MicrosoftPremier / VstsExtensions

Documentation and issue tracking for Microsoft Premier Services Visual Studio Team Services Extensions
MIT License
59 stars 14 forks source link

Recently Builds have failed due to the following error #115

Closed RobertWildgoose closed 4 years ago

RobertWildgoose commented 4 years ago

[WARNING] Unable to get code coverage data within the maximum wait time.

[warning]Unable to get code coverage data within the maximum wait time.

Total blocks: 0 Covered blocks: 0 Code Coverage (%): 0 [ERROR] The code coverage value (0%, 0 blocks) is lower than the minimum value (32%)!

[error]The code coverage value (0%, 0 blocks) is lower than the minimum value (32%)!

[error]At least one build quality policy was violated. See Build Quality Checks section for more details.

Finishing: Check build quality

It would seem that the quality gate cannot read the coverage file, but i've looked at the changes to the pipeline and there doesn't seem to be anything changed since around a week before the Quality check stopped working.

Could this be something to do with multiple pipelines?

ReneSchumacher commented 4 years ago

Hi Robert,

I answered your question in the VS Marketplace. As mentioned there, we will need more information about your issue. Could you first check that you can see code coverage data on the build summary page? If that works, we're sure that coverage has been successfully published, otherwise there seems to be a problem with that publishing process.

If you see coverage on the build summary, this issue is most likely caused by slow coverage processing in Azure DevOps. Please add the variable PSGer.Cover.MaxWaitTime to your pipeline and set its value to 1200000. This increases the timeout to 20 minutes. If coverage cannot be read within that time, there must be an issue with the coverage data itself.

René

RobertWildgoose commented 4 years ago

Hey Rene,

Thanks for looking into this,

We can see the coverage data has its own tab and is published, Added the above variable in and running a test now to see if this has resolved.

Rob

RobertWildgoose commented 4 years ago

Hey @ReneSchumacher ,

I added the PSGer.Cover.MaxWaitTime variable in which extended build time to 24 minutes however this eventually failed.

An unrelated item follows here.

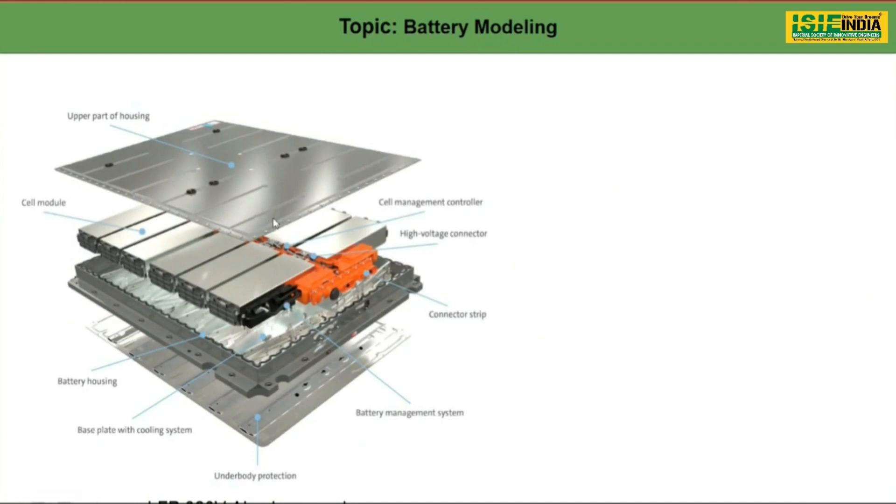The third one is an LFP battery pack, 320 volt, in an aluminum casing. This is a large battery pack used in four-wheelers, mostly like Tata Nexon or MG Hector. We need to do molding to get this kind of casing. Here you can see the housing that holds the complete battery pack. There are cell modules — one, two, three, four, five, six — and 12 cell modules are connected in series and parallel to achieve 320 volts.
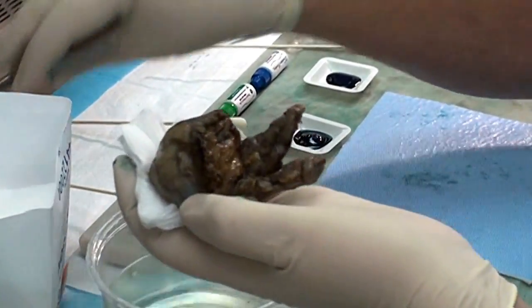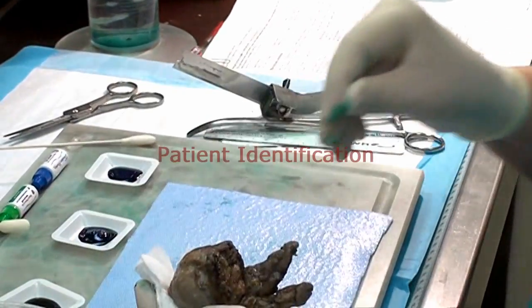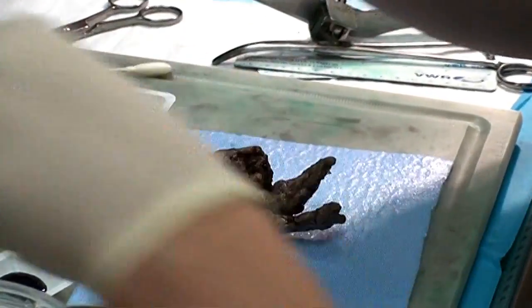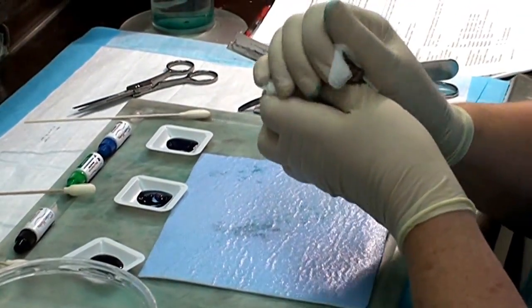The first thing we do is verify that the patient's name on the container matches the paperwork, and this one does. We're going to dry it off as much as possible, and that helps the adhesion of the ink.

How can we debug what could be wrong with the coverage data?

ReneSchumacher commented 4 years ago

Hi @RobertWildgoose,

thanks for the feedback. Could you run your build again with the variables System.Debug and BQC.LogRawData set to true and then send me the log files from the BQC task to PSGerExtSupport@microsoft.com?

RobertWildgoose commented 4 years ago

@ReneSchumacher - ive sent them over for you, thank you again

jeffrutland commented 4 years ago

so, I recently came across this very same issue. seemingly when our devops instance gained a second project, things started failing. everything in my build otherwise succeeds, and I can see that the coverage is published as part of the build. I added the variables suggested above, and while waiting the 20 minutes configured for the coverage discovery to fail, I realized - the link that is being checked is missing the project name in the repository. in the raw data below, I see this in the log (replacing my organization name with '{organization}'):

##[debug]-------------------- RAW DATA --------------------
##[debug]buildCoverageSummary:
##[debug]{"coverageData":[],"build":{"id":"504","url":"https://dev.azure.com/{organization}/_apis/build/Builds/504"},"deltaBuild":null}
##[debug]------------------ END RAW DATA ------------------

when I hit the URL however, I get a 404. but, when I add my project name to the url path (here as '{project}') then it works.

https://dev.azure.com/{organization}/{project}/_apis/build/Builds/504

also, I see the following relevant variables logged here at the beginning of the pipeline log:

##[debug]System.TeamFoundationCollectionUri=https://dev.azure.com/{organization}/
##[debug]System.CollectionUri=https://dev.azure.com/{organization}/
##[debug]System.TeamProject={project}
##[debug]Build.BuildId=504

so - it would appear to me that the url that's being generated / requested is missing the project name here. how is this url created? my project name has spaces in it - not sure if that is an issue or not for this.

if there's anything else I can supply to help address this, please let me know - this is a critical piece of our build pipeline. thanks.

RobertWildgoose commented 4 years ago

@jeffrutland - I've been working through this with @ReneSchumacher i'm in the same boat - however seems you got further than i did in debugging the issue, in our case we hadn't added anything new it was literally a case of when version 7 got released these issues started occurring?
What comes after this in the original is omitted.